Given a function $\phi : [0,1[ \to {\mathbb R}$, there is a unique solution $f: [0,+\infty[ \to {\mathbb R}$ to the functional equation that coincides with $\phi$ on $[0,1[$. Indeed, we will have

$ \begin{array}{lcl} f(x)&=&\phi(x-1)^2-x=\phi_1(x) \ \ (\text{for }\ x\in[1,2[) \\ f(x)&=&\phi_1(x-1)^2-x=\phi_2(x) \ \ (\text{for }\ x\in[2,3[) \\ \end{array}\tag{1} $ and so on.

Now, let $a \in [1.8,2]$ and let $\phi : [0,1] \to {\mathbb R}$ be a continuous, strictly increasing map satisfying the boundary conditions $\phi(0)=a, \phi(1)=a^2-1$ (so for example you could take $\phi$ affine, or trigonometric, etc).

Then the $f$ uniquely defined by (1) will also be continuous and strictly increasing (in particular, $f$ will be positive).

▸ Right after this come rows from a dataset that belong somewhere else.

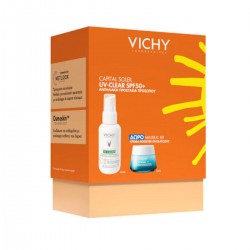Vichy Capital Soleil Σετ με Αντηλιακό Προσώπου SPF50 2τμχ
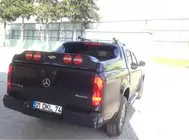 Mercedes X class 2017-2020 Laderaumabdeckung GRAND BOX Foto 1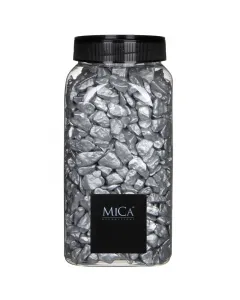 Dekorációs célokra anyaga: műkő színe: ezüst kiszerelés: 1 kg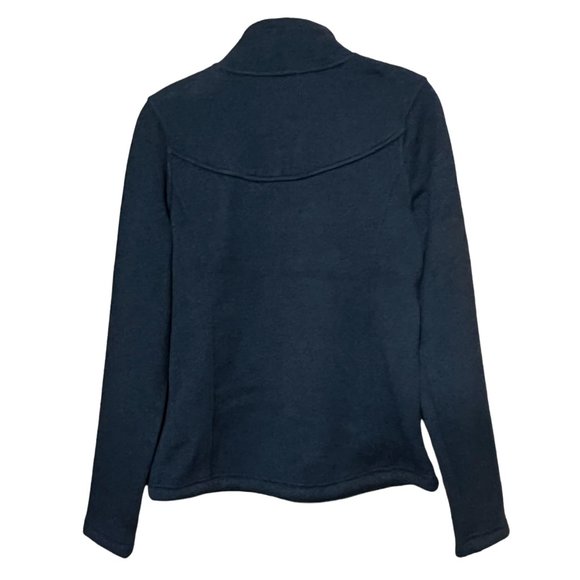 The North Face (SM) Maggy Sweater/Jacket Fleece Quarter Zip - NWT - Picture 3 of 5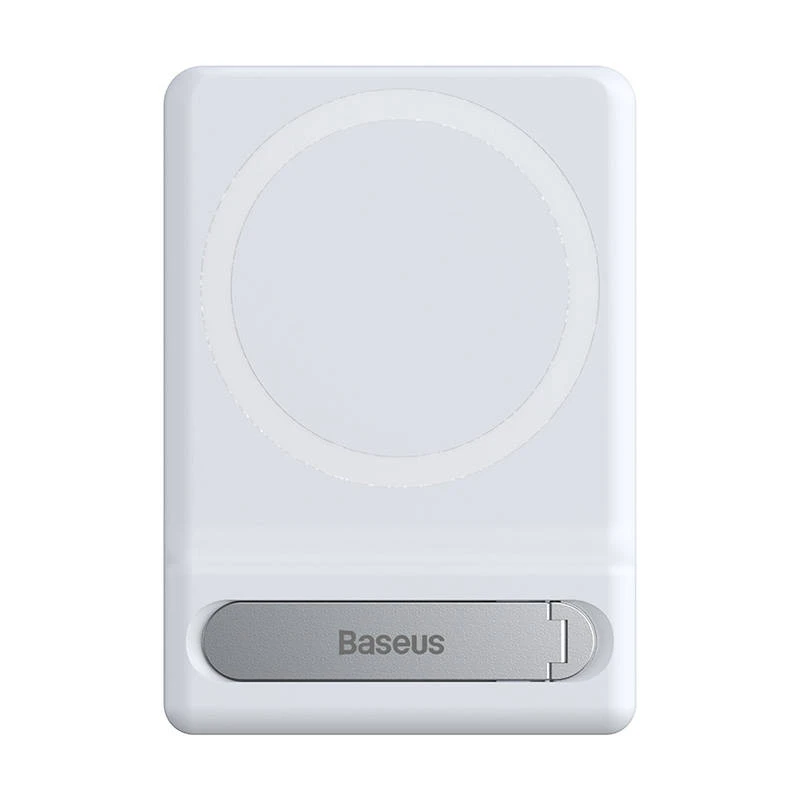 Baseus Susicsukható MagSafe stovvány iPhone-hoz (balta)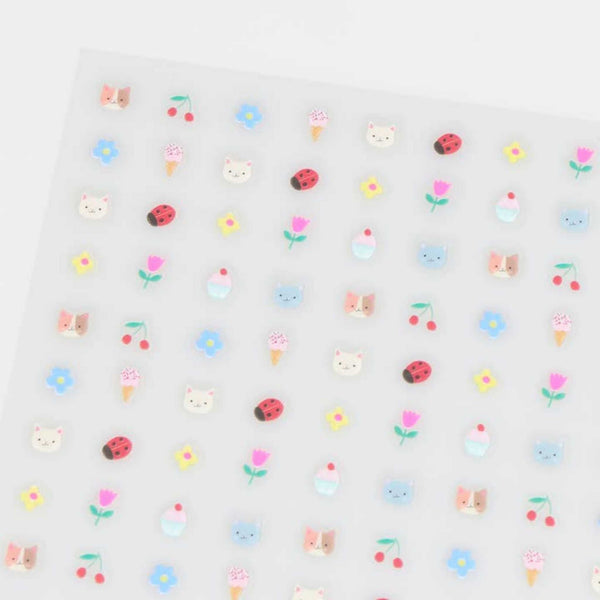 Meri Meri - Kitten Club Nail Stickers
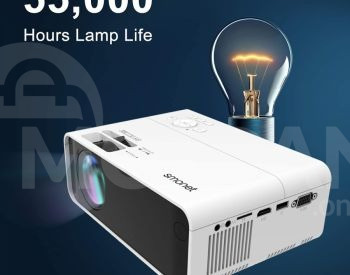Кинопроектор, проектор SMOENT 1080P HD 7500L для домашнего проекта Тбилиси - изображение 2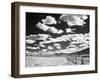 Clouds Hanging in Sky over Grassy Plain-Fritz Goro-Framed Photographic Print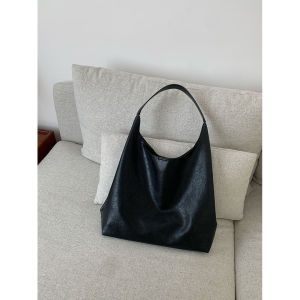 IELGY Niche Silver Underarm Bag Trendy Korean Version Tote Bag All-Match Student Large-Capacity Shoulder Bag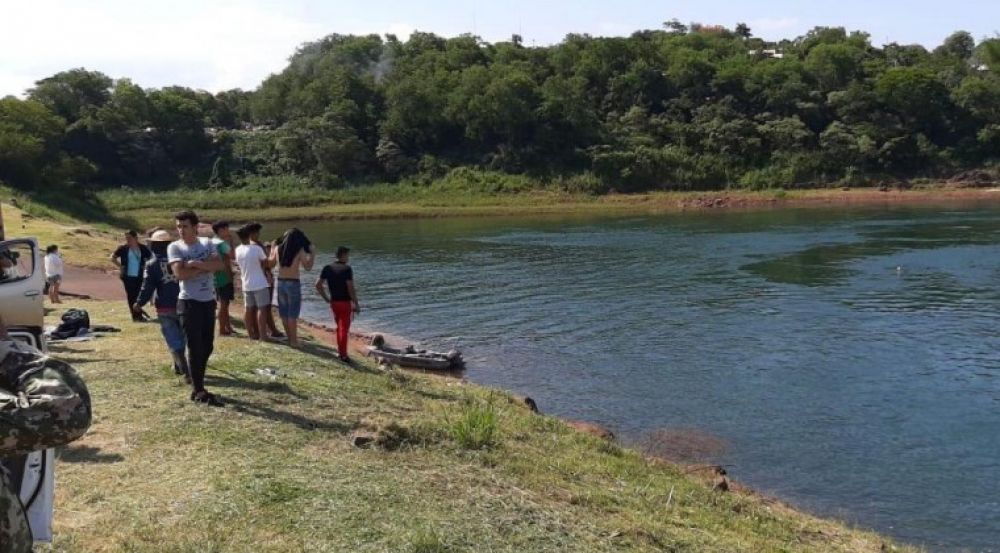 Presidente Franco: dos estudiantes terminaron ahogados en aguas del Río Paraná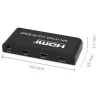 Qoltec 51797 Splitter HDMI activo 2 x HDMI 4K x 2K | 6 Gb/s | 60 Hz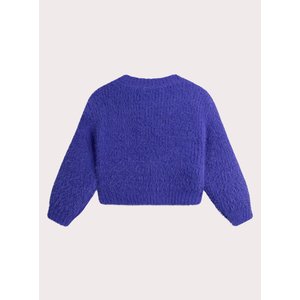 Παιδική Ζακέτα για Κορίτσια Electric Blue Knit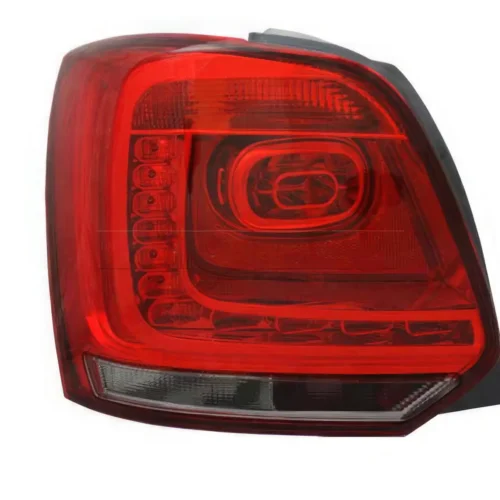 Feux ar LED Bar VW Polo 7 (6R) rouge/fumé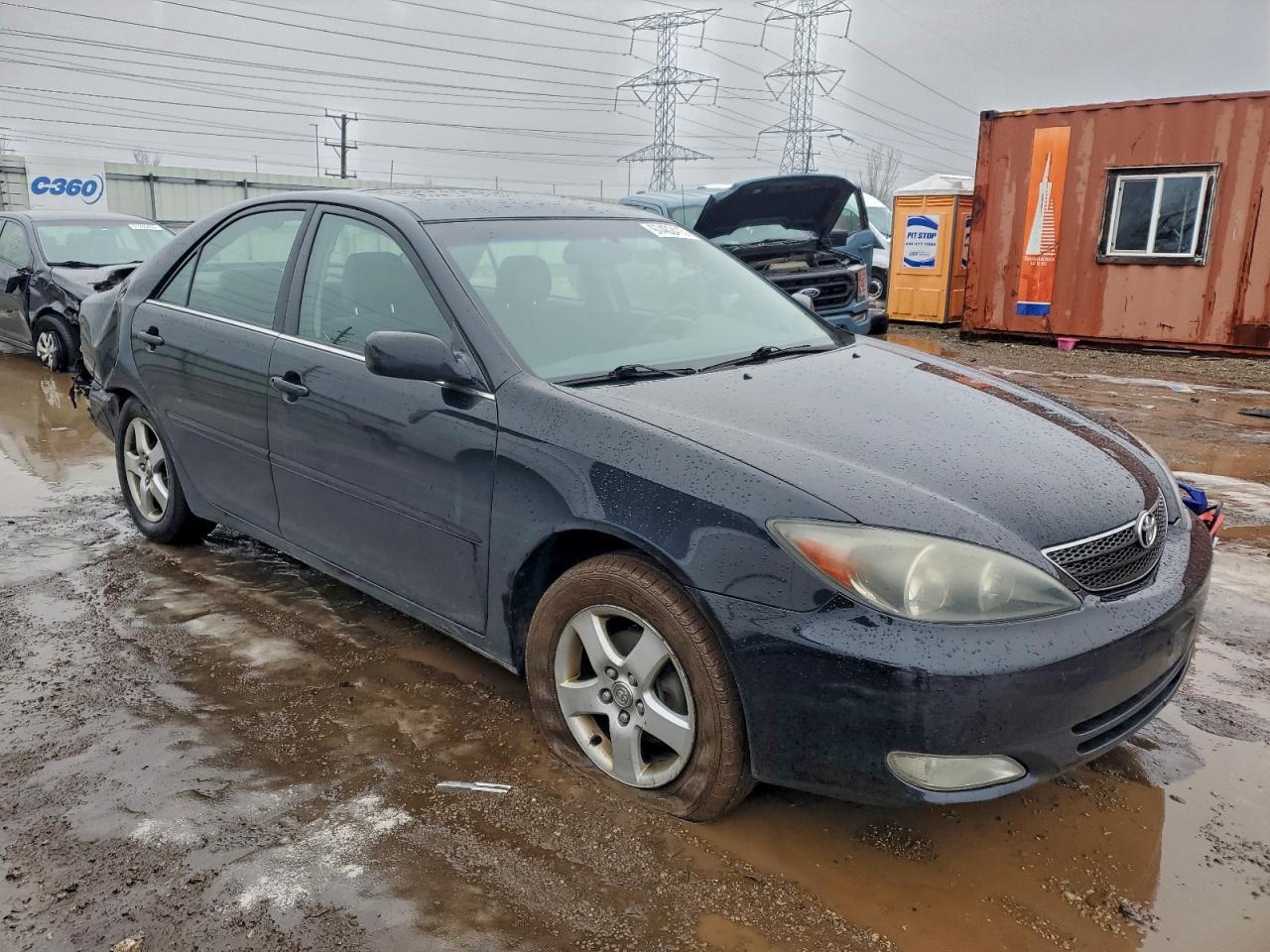 2004 TOYOTA CAMRY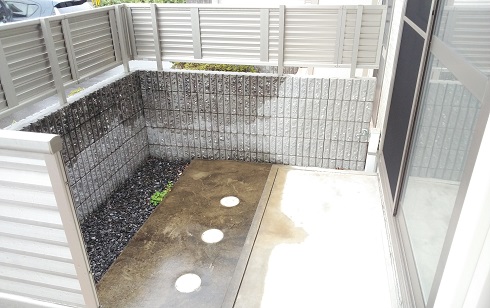 専用庭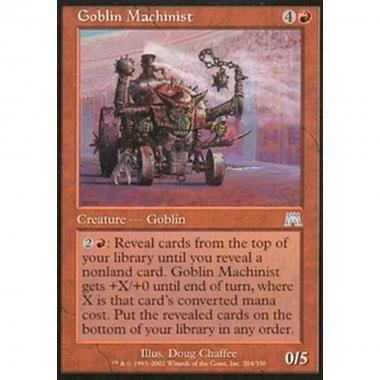 Goblin Machinist - Macchinista Goblin - [ONS] [EX]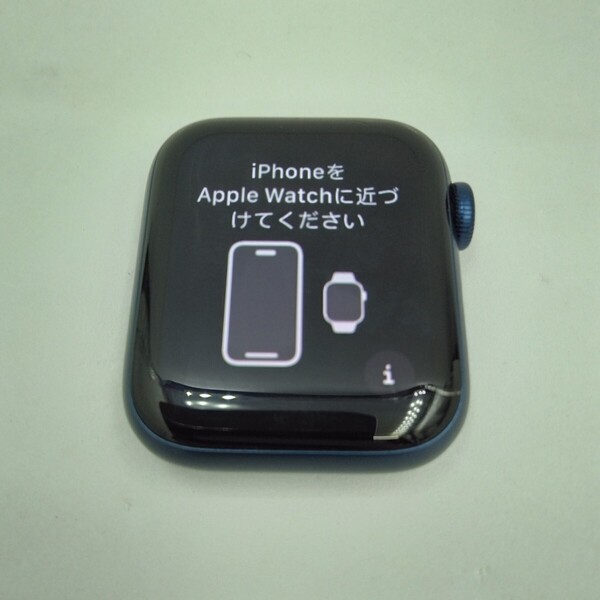 Apple Watch series6 40mm GPSモデル アルミニウム バンド付き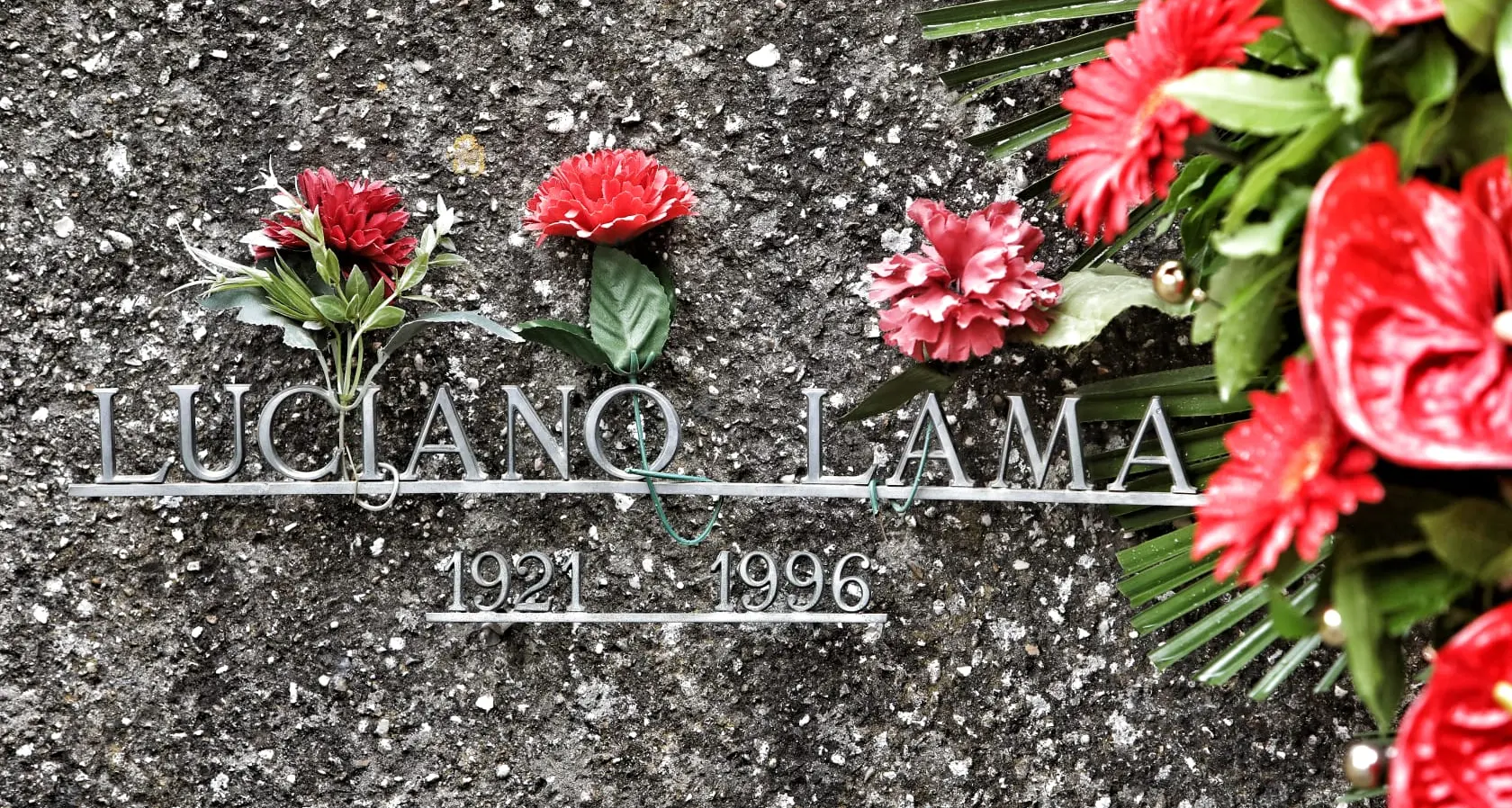 Commemorazione di Luciano Lama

So all we need to show is that $f \to +\infty$ at $+\infty$ ; since $f$ is strictly increasing, it suffices to show that $f(n) \to +\infty$ when $n$ is an integer.

We have $ \begin{array}{lcl} f(1)&=&f(0)^2-1 \geq 1.8^2-1=2.24 \\ f(2)&=&f(1)^2-2 \geq 2.24^2-2=3.0176 \geq 3 \\ f(3)&=&f(2)^2-3 \geq 3^2-2=6 \\ \end{array}\tag{1} $

We can then use mathematical induction : let us show that $f(k) \geq k$, for every $k\geq 3$.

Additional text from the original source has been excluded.